Our gratitude in fact to all the SIDS for welcoming the international community to this beautiful island, bringing alive to the world the unique circumstances and ways of life of our small island friends as well as the special challenges they confront.

India shares traditional and strong bonds of friendship and kinship with the SIDS as fellow developing countries and we hope to strengthen these bonds through this Conference and in the coming years. India with a coastline of over 7500 kms and several groups of islands located far away from the mainland, is deeply conscious of the special circumstances faced by the SIDS.

Mr. President,

This is a Conference on SIDS. But this is not a Conference only about SIDS. This is a Conference about what the international community can do to support SIDS.

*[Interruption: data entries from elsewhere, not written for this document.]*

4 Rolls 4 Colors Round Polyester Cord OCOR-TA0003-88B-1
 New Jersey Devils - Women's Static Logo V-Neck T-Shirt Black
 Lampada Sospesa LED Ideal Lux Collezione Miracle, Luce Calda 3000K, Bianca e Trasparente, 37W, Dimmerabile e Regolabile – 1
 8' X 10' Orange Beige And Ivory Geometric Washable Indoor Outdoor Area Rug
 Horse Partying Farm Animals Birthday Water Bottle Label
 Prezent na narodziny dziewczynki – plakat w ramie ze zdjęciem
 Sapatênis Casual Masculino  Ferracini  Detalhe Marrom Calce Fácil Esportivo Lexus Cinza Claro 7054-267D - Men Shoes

India sees this Conference as a landmark opportunity to strengthen global collaboration and international cooperation to support the sustainable development of SIDS.

India looks forward to an ambitious and successful outcome of this Conference so as to chart a new phase of strengthened international cooperation for the SIDS.

Mr. President,

The unique challenges faced by SIDS have been well recognized for many years.

The Rio+20 Conference noted that the SIDS have made less progress than most other groupings in poverty eradication and debt sustainability. The overall progress of SIDS in achieving the Millennium Development Goals has also been uneven.

The structural deficiencies affecting SIDS arising out of their remoteness and lack of connectivity, limited land resources, small populations, limited economies of scale, lack of diversification, higher production and transportation costs and vulnerability to external shocks have placed the SIDS at a clear disadvantage. The financial, energy and food crises of recent years have only served to accentuate these vulnerabilities.

The SIDS are faced with the stark threat of climate change and sea level rise, the worst sufferers of a global problem they did not contribute to.

Reducing the vulnerability of SIDS and strengthening their resilience to climate change should be a collective responsibility of the international community.

Mr. President,

The international community has long recognized the special circumstances of SIDS and expressed solidarity with them. Unfortunately, the declared commitments have not been supported by commensurate global efforts.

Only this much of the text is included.